** THE PROBLEM **
Below are the entries to work from; restate word for word the portion that opens with the line containing "Gotairiku Onward Kashiyama" and closes with the line containing "Leesbril I Need", keeping both.
(MATERIAL FOR THIS EXERCISE Opens)
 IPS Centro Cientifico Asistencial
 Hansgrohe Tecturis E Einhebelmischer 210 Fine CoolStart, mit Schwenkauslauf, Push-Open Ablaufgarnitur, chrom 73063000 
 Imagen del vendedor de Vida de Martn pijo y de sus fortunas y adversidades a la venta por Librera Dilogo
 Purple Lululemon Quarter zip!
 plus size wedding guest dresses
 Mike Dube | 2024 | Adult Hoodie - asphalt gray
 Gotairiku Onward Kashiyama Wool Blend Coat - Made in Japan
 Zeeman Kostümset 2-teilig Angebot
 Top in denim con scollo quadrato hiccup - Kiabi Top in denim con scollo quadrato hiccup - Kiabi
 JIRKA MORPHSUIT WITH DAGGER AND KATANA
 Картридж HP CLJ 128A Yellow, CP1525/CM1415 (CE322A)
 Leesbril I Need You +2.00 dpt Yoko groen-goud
(MATERIAL FOR THIS EXERCISE Closes)
(MATERIAL FOR THIS EXERCISE Opens)
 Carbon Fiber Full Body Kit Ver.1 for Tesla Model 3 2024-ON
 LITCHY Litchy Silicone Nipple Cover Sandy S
(MATERIAL FOR THIS EXERCISE Closes)
** ANSWER TO THE EXERCISE **
 Gotairiku Onward Kashiyama Wool Blend Coat - Made in Japan
 Zeeman Kostümset 2-teilig Angebot
 Top in denim con scollo quadrato hiccup - Kiabi Top in denim con scollo quadrato hiccup - Kiabi
 JIRKA MORPHSUIT WITH DAGGER AND KATANA
 Картридж HP CLJ 128A Yellow, CP1525/CM1415 (CE322A)
 Leesbril I Need You +2.00 dpt Yoko groen-goud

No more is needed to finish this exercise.